Doch was trinken? Okay, einen Schluck. Und natürlich sind die Hände jetzt nass und nach der Nässe kommt dieses ausgetrocknete Gefühl auf der Haut. Also Handcreme. Und Lippenpflege. Die wollte man auch noch nachbestellen. Also Handy raus, Zalando auf und in den Warenkorb. Gestöbert wird natürlich auch noch, gehört ja wohl dazu. Fuck, die letzte Rechnung ist noch nicht bezahlt. Kann man gleich nachholen, Zeit ist ja da. Noch dreieinhalb Stunden.

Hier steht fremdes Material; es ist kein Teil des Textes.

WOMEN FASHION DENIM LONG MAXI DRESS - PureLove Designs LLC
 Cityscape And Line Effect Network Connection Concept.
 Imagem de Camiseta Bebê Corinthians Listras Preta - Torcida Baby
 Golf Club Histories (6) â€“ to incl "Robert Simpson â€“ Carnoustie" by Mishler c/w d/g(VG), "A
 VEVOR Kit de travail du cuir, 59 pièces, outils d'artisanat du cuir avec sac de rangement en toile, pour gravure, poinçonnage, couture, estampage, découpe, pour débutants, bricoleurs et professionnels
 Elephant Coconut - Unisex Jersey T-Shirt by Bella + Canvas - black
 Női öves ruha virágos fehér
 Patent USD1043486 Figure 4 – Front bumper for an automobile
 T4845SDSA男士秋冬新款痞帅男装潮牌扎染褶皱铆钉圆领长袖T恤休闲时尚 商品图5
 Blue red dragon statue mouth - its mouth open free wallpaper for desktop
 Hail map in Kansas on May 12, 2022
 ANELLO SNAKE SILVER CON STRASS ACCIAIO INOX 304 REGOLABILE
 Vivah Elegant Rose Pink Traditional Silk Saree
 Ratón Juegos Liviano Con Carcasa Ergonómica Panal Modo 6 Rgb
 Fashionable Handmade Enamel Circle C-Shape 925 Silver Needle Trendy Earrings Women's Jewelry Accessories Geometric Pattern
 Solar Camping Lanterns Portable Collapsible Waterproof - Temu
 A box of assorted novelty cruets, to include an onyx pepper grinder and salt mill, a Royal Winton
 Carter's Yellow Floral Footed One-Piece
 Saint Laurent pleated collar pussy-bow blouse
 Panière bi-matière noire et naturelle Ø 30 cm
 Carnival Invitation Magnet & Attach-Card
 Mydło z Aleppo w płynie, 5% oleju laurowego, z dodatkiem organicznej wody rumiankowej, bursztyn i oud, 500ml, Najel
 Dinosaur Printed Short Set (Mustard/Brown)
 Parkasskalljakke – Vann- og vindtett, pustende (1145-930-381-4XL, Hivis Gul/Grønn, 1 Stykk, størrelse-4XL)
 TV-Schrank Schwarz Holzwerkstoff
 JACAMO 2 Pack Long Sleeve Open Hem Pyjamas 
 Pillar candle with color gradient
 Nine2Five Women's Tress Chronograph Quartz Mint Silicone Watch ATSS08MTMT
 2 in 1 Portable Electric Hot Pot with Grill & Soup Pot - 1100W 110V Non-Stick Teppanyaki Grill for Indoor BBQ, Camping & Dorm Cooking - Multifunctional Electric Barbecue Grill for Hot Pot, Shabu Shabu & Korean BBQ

Das Bett riecht nach ihm, obwohl sein letzter Besuch schon ein paar Tage her ist. Daran denkt man jetzt und an den Wein und an das Essen und natürlich an den Sex. Endorphine sollen ja beim Einschlafen helfen. Soll ich? Scheisse, warum nicht? Und während man so da liegt, das Gefühl aber fehlt, denkt man daran, dass das doch eine tolle Filmsequenz wäre. Würde man denn gut aussehen. Und billigen Indie-Abklatsch hören. Noch drei Stunden.
So, jetzt also doch zur Toilette. Aber leise, denn die Mitbewohnerin schläft. Die Bitch hat es gut. Zurück im Bett ist es plötzlich kalt. Die Heizung funktioniert, doch das interessiert den Körper nicht. Er ist es nicht, der friert. Und weil das Handy noch in der Hand liegt, öffnet man den Posteingang. Nur Spam, wie gewohnt. Die Freunde, die geblieben sind, schlafen alle. Ist ja mitten in der Nacht. Haha. Die Inbox für berufliche Mails blinkt. Und blinkt. Und weil das schwarze Loch Posteingang jetzt sowieso offen ist, kann man gleich mal reinschauen. Fuck, eigentlich war das nicht der Plan. Weder das mit dem Posteingang noch das mit dem drei Uhr nachts. Nie wieder.
Noch zweieinhalb Stunden.
Und weil es nur noch zweieinhalb Stunden sind, ist jedes Schlafmittel tabu. Klar ist da das gehortete Quetiapin. Für schlechte Zeiten. Und vermutlich auch für alle Zeiten. Doch einmal eingeworfen macht es so müde, dass es verdammt einfach ist, den Wecker zu überhören. Und leisten kann man sich das nicht. Also Twitter. Leider sind andere klüger und schlafen um diese Zeit, sämtliche Threads sind schon gelesen. Okay, okay. Handy weg, auf den Rücken drehen, Scheiss auf den Schmerz, auf den sämtlichen. Augen zu, schlafen. Noch zwei Stunden.
Da ist er, der Wunsch, es möge endlich, endlich Morgen werden. Spät genug, um aufzustehen. Spät genug, um Kaffee zu trinken, zu rauchen und so zu tun, als hätte es diese Nacht nie gegeben. Sich auf den Abend freuen, weil man weiss, dass man um 21 Uhr todmüde aber (hoffentlich) glücklich ins Bett fällt. Bitte, lass es endlich Morgen werden. Bitte. Noch eine Stunde, eigentlich.
6 Uhr, das war’s. Eine Stunde fertig machen, ins Büro fahren, arbeiten. Endlich.
Schlafprobleme sind nicht so romantisch, wie in Filmen dargestellt. Man liegt nicht auf dem schmerzenden Rücken, die Hände hinter dem Kopf verschränkt und starrt an die hässliche, weil viel zu weisse Decke. Im Hintergrund läuft auch kein beschissener Indie-Abklatsch. Man denkt nicht über sein trauriges Leben nach und fragt sich, warum man sich das alles noch antut. Richtige Schlafstörungen sind anders. Nerviger. Stressiger. Scheisse halt. Denn liegt man wach im Bett um 3 Uhr nachts, weiss man, es wird eine dieser Nächte. Und es ist klar, dass diese Nächte wiederkommen.